6.11.11

A mi padre siempre le gustó el box. Yo no entendía por qué se ensimismaba viendo a dos hombres pelear con los puños envueltos. Me preguntaba "¿a cuál le vas?" y yo siempre elegía el boxeador con los mejores pantaloncillos: nunca acertaba. "Va a perder" me decía mi padre, y siempre tenía razón.

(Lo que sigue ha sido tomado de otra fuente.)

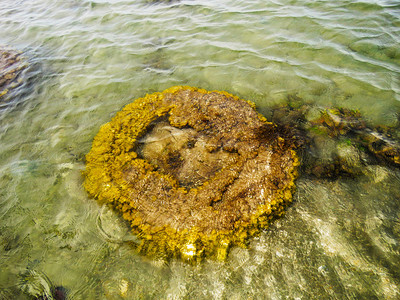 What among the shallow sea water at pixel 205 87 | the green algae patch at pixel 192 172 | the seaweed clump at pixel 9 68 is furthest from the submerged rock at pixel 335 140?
the seaweed clump at pixel 9 68

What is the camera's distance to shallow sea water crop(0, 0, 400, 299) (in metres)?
2.39

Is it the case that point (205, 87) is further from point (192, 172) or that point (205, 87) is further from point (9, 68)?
point (9, 68)

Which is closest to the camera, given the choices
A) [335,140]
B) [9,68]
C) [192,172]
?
[192,172]

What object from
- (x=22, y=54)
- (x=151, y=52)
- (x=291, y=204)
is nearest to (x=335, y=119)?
(x=291, y=204)

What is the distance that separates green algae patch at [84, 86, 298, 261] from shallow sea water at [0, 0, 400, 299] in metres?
0.18

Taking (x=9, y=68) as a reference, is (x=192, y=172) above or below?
below

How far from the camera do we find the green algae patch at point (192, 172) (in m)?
2.70

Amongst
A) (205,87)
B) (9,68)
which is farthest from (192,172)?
(9,68)

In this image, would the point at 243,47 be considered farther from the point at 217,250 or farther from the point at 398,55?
the point at 217,250

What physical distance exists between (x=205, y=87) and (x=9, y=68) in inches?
217

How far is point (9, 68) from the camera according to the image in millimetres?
6219

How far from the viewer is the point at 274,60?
5164 millimetres

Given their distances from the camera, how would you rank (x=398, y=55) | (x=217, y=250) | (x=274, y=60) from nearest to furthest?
(x=217, y=250), (x=398, y=55), (x=274, y=60)

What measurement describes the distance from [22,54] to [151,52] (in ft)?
13.3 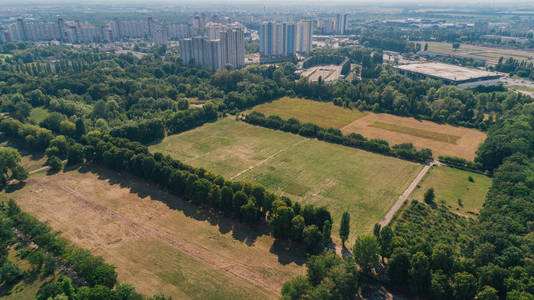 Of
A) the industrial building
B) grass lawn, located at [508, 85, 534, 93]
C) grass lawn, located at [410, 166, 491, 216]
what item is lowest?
grass lawn, located at [410, 166, 491, 216]

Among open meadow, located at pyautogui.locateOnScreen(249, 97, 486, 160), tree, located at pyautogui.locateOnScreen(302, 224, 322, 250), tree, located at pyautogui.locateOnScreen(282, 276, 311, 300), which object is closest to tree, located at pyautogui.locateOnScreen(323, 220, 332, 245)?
tree, located at pyautogui.locateOnScreen(302, 224, 322, 250)

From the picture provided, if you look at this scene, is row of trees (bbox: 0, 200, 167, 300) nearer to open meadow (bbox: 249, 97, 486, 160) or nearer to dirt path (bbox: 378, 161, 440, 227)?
dirt path (bbox: 378, 161, 440, 227)

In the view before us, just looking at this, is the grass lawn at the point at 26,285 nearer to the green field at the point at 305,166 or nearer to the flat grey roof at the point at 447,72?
the green field at the point at 305,166

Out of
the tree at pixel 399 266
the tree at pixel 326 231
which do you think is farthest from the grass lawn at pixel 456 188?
the tree at pixel 326 231

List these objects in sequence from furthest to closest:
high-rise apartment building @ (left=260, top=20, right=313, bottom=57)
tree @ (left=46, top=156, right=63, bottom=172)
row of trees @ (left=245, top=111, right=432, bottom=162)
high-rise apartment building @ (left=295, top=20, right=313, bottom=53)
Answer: high-rise apartment building @ (left=295, top=20, right=313, bottom=53) < high-rise apartment building @ (left=260, top=20, right=313, bottom=57) < row of trees @ (left=245, top=111, right=432, bottom=162) < tree @ (left=46, top=156, right=63, bottom=172)

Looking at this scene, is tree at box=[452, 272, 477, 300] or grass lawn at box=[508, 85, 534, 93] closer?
tree at box=[452, 272, 477, 300]

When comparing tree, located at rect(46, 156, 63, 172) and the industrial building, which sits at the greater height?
the industrial building

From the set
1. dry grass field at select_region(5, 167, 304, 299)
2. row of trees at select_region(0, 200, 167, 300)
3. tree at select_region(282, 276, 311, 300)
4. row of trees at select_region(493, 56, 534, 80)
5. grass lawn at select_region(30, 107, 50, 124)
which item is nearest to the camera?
tree at select_region(282, 276, 311, 300) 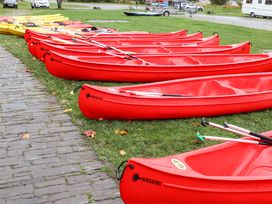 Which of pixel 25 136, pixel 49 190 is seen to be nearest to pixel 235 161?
pixel 49 190

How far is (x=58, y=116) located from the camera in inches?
249

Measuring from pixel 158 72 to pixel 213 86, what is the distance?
59.0 inches

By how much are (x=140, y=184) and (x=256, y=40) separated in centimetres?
1301

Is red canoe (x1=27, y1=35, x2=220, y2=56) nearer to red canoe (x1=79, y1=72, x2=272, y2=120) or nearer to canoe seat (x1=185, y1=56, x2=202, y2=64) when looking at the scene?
canoe seat (x1=185, y1=56, x2=202, y2=64)

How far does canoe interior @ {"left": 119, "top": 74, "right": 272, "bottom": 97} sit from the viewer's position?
653 cm

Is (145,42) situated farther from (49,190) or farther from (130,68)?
(49,190)

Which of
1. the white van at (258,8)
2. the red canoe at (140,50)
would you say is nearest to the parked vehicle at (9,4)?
the white van at (258,8)

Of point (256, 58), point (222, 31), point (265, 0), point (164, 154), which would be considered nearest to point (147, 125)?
point (164, 154)

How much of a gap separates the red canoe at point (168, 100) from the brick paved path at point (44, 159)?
1.85ft

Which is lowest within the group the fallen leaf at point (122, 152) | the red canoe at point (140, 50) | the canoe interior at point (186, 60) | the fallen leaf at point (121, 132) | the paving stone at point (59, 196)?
the paving stone at point (59, 196)

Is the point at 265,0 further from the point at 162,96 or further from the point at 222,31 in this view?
the point at 162,96

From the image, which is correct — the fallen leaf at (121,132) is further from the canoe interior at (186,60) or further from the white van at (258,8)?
the white van at (258,8)

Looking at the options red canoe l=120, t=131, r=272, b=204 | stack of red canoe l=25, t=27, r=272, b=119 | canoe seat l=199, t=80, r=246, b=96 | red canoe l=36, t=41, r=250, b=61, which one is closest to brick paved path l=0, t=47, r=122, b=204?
red canoe l=120, t=131, r=272, b=204

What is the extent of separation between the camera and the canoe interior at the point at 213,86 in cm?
653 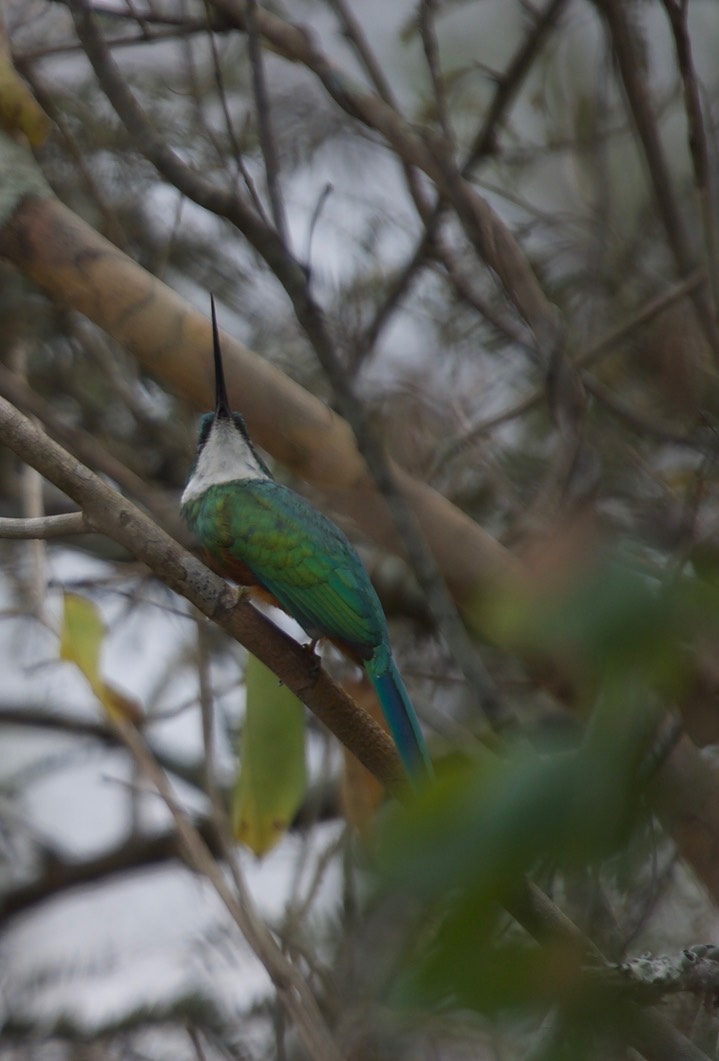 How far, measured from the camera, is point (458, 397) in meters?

Todos lo sábados lo veía sentarse frente al televisor con una cerveza Corona. En ocasiones gritaba improperios. En otras sólo observaba, callado, analizando los movimientos pugilísticos. Yo sólo veía a dos changos darse con todo y me fastidiaba estar viendo una pelea cuando podíamos ver una película. ¿Para qué tener tele de paga si solo ve el box?, me preguntaba. Pero, aún así, eran momentos que apreciaba. Estar a su lado, momentos íntimos que compartíamos, nadie más se sentaba a ver el ring con él. Ni su esposa, ni su amante, ni ninguna de sus cinco hijas. Sólo yo. El y yo viendo a dos boxeadores darse de trancazos.

No importaba si me gustaba o no. Estar a su lado en un momento que él tanto disfrutaba era mi recompensa. Perder siempre en las apuestas. Aunque recuerdo que un día el me hizo la misma pregunta, ¿a cuál le vas?, y coincidió que el que traía el short rojo (mi color favorito) era el bueno. Agachó la cabeza y me dijo "creo que ahora sí ganarás". Y lo hice. Siempre ganaba, aunque él no lo supiera, hasta que lo supo, meses antes de morir.

A mi padre le encantaba el box. Se sentaba ahí, en el cuarto de tele, con una cerveza Corona en la mano y  otra libre para mi abrazo. Se emocionaba. Reía. Se enojaba. Me miraba. Con esa mirada íntima que regala quien sabe que está dando y recibiendo un obsequio.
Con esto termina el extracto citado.